[Collection entries]
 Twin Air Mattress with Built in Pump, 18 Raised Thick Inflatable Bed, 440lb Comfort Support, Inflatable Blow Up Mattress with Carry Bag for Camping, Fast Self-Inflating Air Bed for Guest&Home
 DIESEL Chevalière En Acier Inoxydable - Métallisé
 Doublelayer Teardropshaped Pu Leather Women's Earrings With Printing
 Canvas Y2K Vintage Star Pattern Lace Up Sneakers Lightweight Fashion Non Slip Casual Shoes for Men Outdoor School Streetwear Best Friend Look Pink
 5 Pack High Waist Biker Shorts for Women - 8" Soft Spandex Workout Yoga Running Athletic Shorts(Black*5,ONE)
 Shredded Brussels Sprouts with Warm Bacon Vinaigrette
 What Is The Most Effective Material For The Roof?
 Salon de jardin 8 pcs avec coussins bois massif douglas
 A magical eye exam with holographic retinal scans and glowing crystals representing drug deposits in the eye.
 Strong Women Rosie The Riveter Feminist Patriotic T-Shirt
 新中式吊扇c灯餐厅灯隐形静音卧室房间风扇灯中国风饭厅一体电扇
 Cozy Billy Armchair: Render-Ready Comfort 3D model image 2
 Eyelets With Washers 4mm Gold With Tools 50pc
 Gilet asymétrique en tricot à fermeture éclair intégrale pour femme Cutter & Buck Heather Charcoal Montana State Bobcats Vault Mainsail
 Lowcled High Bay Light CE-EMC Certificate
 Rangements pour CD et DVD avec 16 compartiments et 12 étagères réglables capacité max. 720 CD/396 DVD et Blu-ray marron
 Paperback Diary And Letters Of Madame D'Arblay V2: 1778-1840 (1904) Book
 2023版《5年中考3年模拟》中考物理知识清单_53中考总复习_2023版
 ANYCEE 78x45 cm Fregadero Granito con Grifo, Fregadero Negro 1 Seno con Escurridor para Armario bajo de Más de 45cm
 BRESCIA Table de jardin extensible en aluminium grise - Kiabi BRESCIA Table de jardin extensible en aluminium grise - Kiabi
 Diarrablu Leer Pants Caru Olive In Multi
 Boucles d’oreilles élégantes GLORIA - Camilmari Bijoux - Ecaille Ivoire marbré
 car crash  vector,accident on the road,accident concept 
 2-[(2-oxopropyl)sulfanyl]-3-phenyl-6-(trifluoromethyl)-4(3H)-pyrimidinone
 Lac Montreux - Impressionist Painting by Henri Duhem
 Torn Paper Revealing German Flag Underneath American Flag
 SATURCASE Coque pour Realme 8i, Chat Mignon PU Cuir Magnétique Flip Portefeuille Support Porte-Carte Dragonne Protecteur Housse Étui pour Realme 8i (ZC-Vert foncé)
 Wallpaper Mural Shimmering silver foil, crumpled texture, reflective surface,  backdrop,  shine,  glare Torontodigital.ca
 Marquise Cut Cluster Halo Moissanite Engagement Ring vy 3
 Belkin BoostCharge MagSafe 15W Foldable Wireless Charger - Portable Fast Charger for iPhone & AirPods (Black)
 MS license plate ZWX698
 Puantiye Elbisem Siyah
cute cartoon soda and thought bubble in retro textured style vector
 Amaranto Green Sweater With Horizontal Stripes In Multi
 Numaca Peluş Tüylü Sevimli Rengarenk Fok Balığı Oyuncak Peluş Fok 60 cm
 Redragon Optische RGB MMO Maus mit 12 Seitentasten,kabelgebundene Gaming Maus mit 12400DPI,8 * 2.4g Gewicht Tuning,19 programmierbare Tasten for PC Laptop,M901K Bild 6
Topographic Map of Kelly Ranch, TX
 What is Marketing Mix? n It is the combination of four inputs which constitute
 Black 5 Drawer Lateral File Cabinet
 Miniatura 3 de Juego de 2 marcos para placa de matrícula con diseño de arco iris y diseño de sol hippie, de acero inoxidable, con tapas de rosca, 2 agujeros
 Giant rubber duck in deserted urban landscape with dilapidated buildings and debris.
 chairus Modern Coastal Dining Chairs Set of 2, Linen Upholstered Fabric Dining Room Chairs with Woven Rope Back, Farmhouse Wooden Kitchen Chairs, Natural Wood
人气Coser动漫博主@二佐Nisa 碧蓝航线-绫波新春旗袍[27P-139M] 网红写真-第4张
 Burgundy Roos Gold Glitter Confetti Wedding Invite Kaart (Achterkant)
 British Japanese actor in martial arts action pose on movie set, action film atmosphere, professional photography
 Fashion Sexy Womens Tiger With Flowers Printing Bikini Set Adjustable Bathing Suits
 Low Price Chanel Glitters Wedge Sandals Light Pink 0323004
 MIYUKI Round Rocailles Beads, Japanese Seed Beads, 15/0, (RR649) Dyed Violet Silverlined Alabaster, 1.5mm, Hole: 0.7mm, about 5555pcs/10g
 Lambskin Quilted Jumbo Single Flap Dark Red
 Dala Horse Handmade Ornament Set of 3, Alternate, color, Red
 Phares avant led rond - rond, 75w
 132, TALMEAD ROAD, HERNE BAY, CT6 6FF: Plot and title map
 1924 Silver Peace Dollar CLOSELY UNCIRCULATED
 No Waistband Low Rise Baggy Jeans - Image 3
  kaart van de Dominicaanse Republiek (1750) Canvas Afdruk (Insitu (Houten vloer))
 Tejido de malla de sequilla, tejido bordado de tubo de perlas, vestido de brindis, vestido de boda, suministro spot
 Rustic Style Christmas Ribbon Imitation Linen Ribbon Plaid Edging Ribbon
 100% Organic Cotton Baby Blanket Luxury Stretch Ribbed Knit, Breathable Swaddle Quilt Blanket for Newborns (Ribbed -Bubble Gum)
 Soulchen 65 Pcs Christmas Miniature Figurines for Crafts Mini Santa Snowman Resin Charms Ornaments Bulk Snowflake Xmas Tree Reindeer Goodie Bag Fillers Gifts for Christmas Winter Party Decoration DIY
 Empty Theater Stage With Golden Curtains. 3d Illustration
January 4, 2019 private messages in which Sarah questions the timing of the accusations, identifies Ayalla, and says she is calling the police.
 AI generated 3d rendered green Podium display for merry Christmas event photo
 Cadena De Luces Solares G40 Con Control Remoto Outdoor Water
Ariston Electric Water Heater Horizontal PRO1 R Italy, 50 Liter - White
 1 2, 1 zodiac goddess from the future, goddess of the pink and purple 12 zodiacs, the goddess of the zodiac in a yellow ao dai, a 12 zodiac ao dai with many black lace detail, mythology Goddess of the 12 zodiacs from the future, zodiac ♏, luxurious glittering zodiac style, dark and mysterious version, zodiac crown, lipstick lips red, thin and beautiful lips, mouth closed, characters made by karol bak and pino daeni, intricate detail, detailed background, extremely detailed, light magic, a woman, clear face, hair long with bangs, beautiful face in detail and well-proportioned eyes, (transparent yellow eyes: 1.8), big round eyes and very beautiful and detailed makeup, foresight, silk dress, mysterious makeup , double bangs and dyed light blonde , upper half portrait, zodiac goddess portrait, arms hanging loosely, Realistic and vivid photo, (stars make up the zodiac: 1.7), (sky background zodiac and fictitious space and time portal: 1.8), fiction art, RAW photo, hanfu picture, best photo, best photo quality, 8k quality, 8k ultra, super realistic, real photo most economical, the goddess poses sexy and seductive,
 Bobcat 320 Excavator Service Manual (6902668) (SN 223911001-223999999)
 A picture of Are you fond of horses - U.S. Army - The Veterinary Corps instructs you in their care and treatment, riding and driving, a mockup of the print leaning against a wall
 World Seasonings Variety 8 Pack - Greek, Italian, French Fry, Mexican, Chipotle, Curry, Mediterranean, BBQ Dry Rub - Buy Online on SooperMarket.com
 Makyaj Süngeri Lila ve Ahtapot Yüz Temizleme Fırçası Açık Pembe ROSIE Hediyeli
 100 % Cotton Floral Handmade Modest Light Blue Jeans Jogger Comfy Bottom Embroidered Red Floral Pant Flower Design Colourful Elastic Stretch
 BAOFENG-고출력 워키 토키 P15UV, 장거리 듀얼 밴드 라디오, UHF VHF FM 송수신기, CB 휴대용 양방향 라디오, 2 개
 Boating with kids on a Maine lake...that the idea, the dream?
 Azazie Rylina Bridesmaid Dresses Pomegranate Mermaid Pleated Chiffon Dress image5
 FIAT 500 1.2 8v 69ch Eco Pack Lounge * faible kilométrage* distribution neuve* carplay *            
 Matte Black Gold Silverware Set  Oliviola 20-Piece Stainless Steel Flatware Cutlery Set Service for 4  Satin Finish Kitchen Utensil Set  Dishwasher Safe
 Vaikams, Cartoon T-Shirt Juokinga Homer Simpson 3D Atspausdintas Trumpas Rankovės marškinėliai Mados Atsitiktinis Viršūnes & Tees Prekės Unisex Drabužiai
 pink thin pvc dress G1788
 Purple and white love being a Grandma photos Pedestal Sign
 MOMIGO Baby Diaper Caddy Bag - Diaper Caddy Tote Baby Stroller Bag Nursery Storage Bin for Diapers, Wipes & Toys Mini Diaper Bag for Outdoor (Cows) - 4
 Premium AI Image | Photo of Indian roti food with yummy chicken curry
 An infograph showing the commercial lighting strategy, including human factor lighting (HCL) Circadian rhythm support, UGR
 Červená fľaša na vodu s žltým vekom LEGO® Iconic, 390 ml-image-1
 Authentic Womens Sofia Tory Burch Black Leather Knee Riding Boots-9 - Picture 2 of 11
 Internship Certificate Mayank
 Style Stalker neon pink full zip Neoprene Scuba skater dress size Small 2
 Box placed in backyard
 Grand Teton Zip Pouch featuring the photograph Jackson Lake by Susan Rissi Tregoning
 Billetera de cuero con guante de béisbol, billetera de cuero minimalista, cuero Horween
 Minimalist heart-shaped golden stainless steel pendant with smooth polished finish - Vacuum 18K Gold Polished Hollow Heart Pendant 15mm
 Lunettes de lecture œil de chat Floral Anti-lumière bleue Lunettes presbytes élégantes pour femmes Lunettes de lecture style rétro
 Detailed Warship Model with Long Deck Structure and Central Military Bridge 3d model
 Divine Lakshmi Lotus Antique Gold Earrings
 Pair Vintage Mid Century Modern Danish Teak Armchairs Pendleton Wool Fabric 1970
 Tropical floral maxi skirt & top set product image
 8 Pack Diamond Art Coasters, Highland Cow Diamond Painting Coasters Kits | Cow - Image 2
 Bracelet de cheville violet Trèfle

*Your goal*
Go through the records above and return each line in which the word "Multi" occurs.

*Task response*
 Diarrablu Leer Pants Caru Olive In Multi
 Amaranto Green Sweater With Horizontal Stripes In Multi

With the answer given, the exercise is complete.